Maybe it’s worse because we haven’t healed from Trayvon.
Maybe it is worse because we didn’t realize Ferguson wasn’t about Ferguson but rather what creates Fergusons across our country in the 21st century.
I arrived home in Houston for Thanksgiving to see my mom who will turn 70 on December 5th. She smiled when I walked in, was very calm, and peaceful—which I have not seen on or in any African-American I have been around since the lack of indictment announcement.
I asked, “Mom, have you kept up with Ferguson?”
She replied, “Yes. I watched a little.”
“Did you hear about the indictment?”
“Yes, that there wasn’t one.”
“Mom, you seem very calm about all this. Am I missing something?”
“Sean, I am about to be 70,” she said. “I knew he wouldn’t be indicted. You’re young. This is still new for you. I have been through this before. I have forgotten the names of the unarmed Black kids, men, and women who have been killed and no one is charged or indicted. There have been few arrests and far more pain. You’re 32. I am 70. I know what life in the United States is like for African-American people.”

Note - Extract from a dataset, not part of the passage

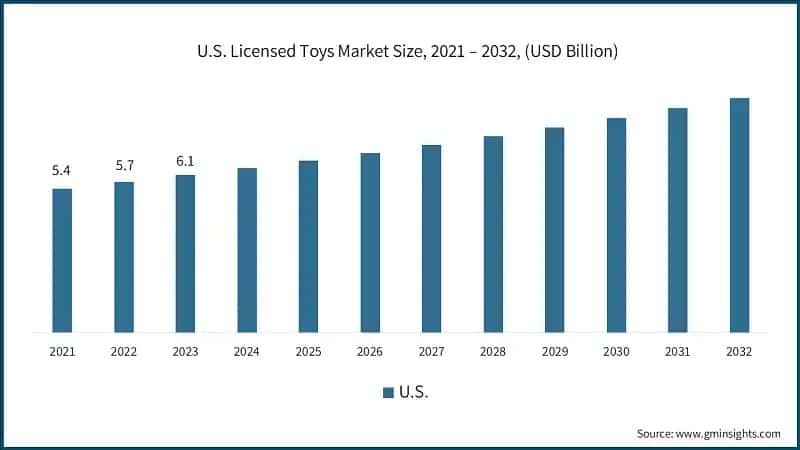 U.S. Licensed Toys Market Size, 2021 – 2032, (USD Billion)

You can draw a straight line from the racial tensions in this country from the year my mom was born (1944 if you’re not a numbers person), the year I was born (1982), the year my grandmother was born (1928), and so on to the racially charged events in Ferguson and around the country. Like I am witnessing now, they all saw and had their Trayvon Martin and Michael Brown moments—one was named Emmett Till. They have felt the pain I now feel in my chest every time I take a breath, every time I walk past the black hoodie in my closet I no longer feel safe to wear in public, every time the police pull behind me (I was stopped last month for a delayed turn signal), every time I am stared at when I meet with supervisor on the affluent side of Austin and I am the only African-American person in the building.
It doesn’t bother my mother anymore because as Dr. King said years ago, “We asked a generation to place their faith in a system that has proven to be unfaithful.”

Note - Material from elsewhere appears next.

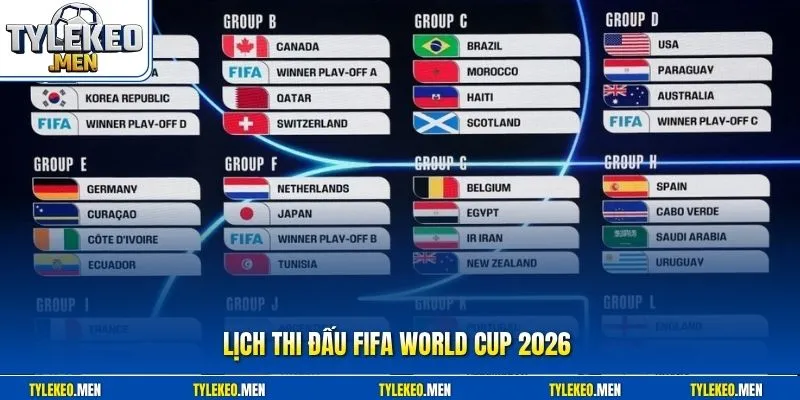 Lịch Thi Đấu FIFA World Cup 2026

If you’re wondering what that “good movie” was, so am I. There were good moments in history. Reconstruction, but the sequel was Jim Crow. Then there was the Civil Rights Movement, but the sequel or sequels, was the assassination of every leader in the Black community and every non-black leader that championed equality and justice. I don’t know if we ever got that “good movie,” but I know we have had some terrible sequels.
The saddest part for me is that in a few weeks, life will return to normal for most communities except the African-American community. People will forget names, details, events. Selfies will resume on social media. Pastors will start promoting their books, none of which addressing systemic issues, racial reconciliation, poverty, or justice. Diverse communities and campuses will start to lose some Black people and won’t understand why.
But African-American people, Christian or otherwise, will walk slower, with a little more fear, a little more sadness, and a little less hope.
You see, there is another sequel coming. It’s only a matter of time. When it does happen, the next racially charged incident involving lethal force, I will remember my mother’s smile and peaceful hopeless acceptance that our lives as African-American people in this country are less valuable. Our concerns, dismissed as nonsense.
Some sequels we leave sad, because we had such high hopes this time would be different. But it didn’t happen. We got an unarmed dead teen left in the street bleeding for four and a half hours, his vilified character portrayal in the media, an official doing his civic duty, dismissal of systemic issues and widespread coverage of the riots. We hoped it would be different but it wasn’t.
We just got a bad sequel.
If you’re looking for practical steps to respond:
Read The New Jim Crow by: Michelle Alexander
- Go. Immerse yourself in Black culture. Seek to listen and understand without critique.
- Pray. Pray for the healing of racial tension in the country. This isn’t a “move forward from here” time. We are moving backwards. We must heal first before we move forward.